Some types of trigger aren't executed on apply, even if they exist on a table and are currently enabled. Trigger types not executed are:
- Statement-level triggers (
FOR EACH STATEMENT
) - Per-column UPDATE triggers (
UPDATE OF column_name [, ...]
)
PGD replication apply uses the system-level default search_path. Replica triggers, stream triggers, and index expression functions can assume other search_path settings that then fail when they execute on apply. To prevent this from occurring, use any of these techniques:
- Resolve object references clearly using only the default search_path.

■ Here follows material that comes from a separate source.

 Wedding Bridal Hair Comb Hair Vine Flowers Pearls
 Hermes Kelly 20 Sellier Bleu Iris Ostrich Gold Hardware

- Always use fully qualified references to objects, for example,
schema.objectname
. - Set the search path for a function using
ALTER FUNCTION ... SET search_path = ...
for the functions affected.
PGD assumes that there are no issues related to text or other collatable datatypes, that is, all collations in use are available on all nodes, and the default collation is the same on all nodes. Replicating changes uses equality searches to locate Replica Identity values, so this does't have any effect except where unique indexes are explicitly defined with nonmatching collation qualifiers. Row filters might be affected by differences in collations if collatable expressions were used.
Toast
PGD handling of very long "toasted" data in PostgreSQL is transparent to the user. The TOAST "chunkid" values likely differ between the same row on different nodes, but that doesn't cause any problems.
Other restrictions
PGD can't work correctly if Replica Identity columns are marked as external.
PostgreSQL allows CHECK() constraints that contain volatile functions. Since PGD reexecutes CHECK() constraints on apply, any subsequent reexecution that doesn't return the same result as before causes data divergence.
PGD doesn't restrict the use of foreign keys. Cascading FKs are allowed.